I Dropped My SCA Major

photo credit: USC

by Avery Thunder ‘26

Everytime I tell someone that I used to be in SCA, they have a visceral reaction. Usually it falls somewhere in between shocked and straight up shaming me for leaving the program. Yes, there is no denying that getting into the School of Cinematic Arts is an amazing opportunity – I will always be thankful that they gave me the chance to be a student there. This does not, however, change the fact that it was not for me. There’s this false narrative when it comes to prestigious schools or majors, that, if you get in, you should just commit. This sense of dedication to prestige is what I was searching for when I applied. Having experienced the reality many people only dream about, though, I learned that sometimes it doesn’t matter how good something looks on paper if it’s not the right fit.

Here’s the thing, SCA is not what I (and maybe you) expected, at all. In my opinion, its purpose is connections, and only connections (if you’re lucky). I love to play with cameras – cinematography has always been my strong suit. This was the one thing I was looking forward to in film school. I wanted to work with expensive cameras I didn’t have access to elsewhere. 

I wasn’t given a single camera the entire time I was there. I wasn’t even given the opportunity to access one. I was given zero editing software. SCA offered fewer resources than my public high school did. Every class where we actually got to film something, they made us do it on our phones. I was livid. I didn’t come to film school to shoot on my phone and edit in iMovie. I quickly lost interest.

Also, the classes are so long. Hours and hours. I had a four hour class on diversity in cinema. The class was completely thrown together because they picked a new professor a couple weeks before the start of the semester. Early in the class, they had us do a project on Lunar New Year, but no one in our group knew anything about the holiday, and we weren’t given any useful information. We were never given the opportunity to talk to anyone who celebrated the holiday. So, in an attempt to show us the importance of diversity in cinema, they had us completely misrepresent a culture by not bringing in anyone from the actual community to guide the activity.

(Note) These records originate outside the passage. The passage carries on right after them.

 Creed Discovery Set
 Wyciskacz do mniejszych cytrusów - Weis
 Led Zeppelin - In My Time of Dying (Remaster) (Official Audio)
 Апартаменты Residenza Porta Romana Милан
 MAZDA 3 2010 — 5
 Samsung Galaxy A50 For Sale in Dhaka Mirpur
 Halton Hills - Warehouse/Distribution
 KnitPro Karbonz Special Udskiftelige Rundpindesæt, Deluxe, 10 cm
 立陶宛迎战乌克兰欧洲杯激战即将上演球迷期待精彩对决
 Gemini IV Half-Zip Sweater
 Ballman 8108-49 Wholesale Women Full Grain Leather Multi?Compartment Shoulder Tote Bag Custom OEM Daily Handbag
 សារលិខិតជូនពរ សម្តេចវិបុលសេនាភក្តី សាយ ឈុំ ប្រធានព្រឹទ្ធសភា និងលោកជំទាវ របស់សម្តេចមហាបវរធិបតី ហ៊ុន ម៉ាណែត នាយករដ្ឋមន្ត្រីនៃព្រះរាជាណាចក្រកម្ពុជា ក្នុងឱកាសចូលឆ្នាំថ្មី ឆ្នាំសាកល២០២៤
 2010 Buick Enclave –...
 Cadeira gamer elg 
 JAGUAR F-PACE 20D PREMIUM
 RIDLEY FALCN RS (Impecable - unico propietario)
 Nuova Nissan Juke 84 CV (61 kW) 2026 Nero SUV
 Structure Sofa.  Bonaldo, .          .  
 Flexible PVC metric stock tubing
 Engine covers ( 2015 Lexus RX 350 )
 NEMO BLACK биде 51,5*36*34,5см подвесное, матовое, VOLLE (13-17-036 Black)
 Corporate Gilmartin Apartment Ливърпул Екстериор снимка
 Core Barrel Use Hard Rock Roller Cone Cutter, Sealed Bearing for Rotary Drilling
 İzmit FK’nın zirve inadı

I’m still not sure what I was supposed to learn from that class. People who want to represent a group they’re not a part of should just… go for it? Very counterproductive. For a school that professes to care about diversity and inclusion, you wouldn’t be able to tell from attending this class and many other classes I took. I think that the need to have a class on diversity really proves their intense need to overcompensate for the lack of it within the rest of their program. 

Already disenchanted, I talked to upperclassmen who told me about the fights they had to go through for equipment, when they could actually get their hands on it. I heard about the tedious paperwork to access any of SCAs resources and the boring classes they were being forced to take. I heard about the group projects, where you didn’t get to pick your group. I read about  graduates of the program who were working minimum wage jobs for years after college. So much for the promised connections.

At some point in my second semester of freshman year, I realized that I had been waiting for an experience I was never going to get. I was not going to be immersed in modern film tech, I was not going to make work that I was proud of, I was not going to be given the resources I wanted. I think the last straw was when they charged me several hundred dollars for equipment insurance. For what equipment? They haven’t so much given me a tripod, but here they were, asking for more money. 

So, I switched schools. I realized I was going to spend four years absolutely enraged by the disparity between what I expected and reality. If I was going to destroy my mental health for an art, I wanted to at least be given the resources to be good at it. I’m not saying SCA is horrible, but it wasn’t for me. I think I could’ve been successful in the program, but I don’t believe you’re truly successful if your work makes you miserable. Being good at something doesn’t mean you have to do it. 

I’m infinitely grateful that I left. I’ve enjoyed school far more because I’ve been actually learning. I don’t drag myself to class the way I used to, ready to sit in a theater for hours and come out with even less patience than before. And, yes, I’m sure I will hear for the rest of my life that I’ve given up a great opportunity, but I’m happier now. If anything, someone who wants that spot more can have it now. They deserve it more than I do, and I’m sure they’ll do great and make the most of it.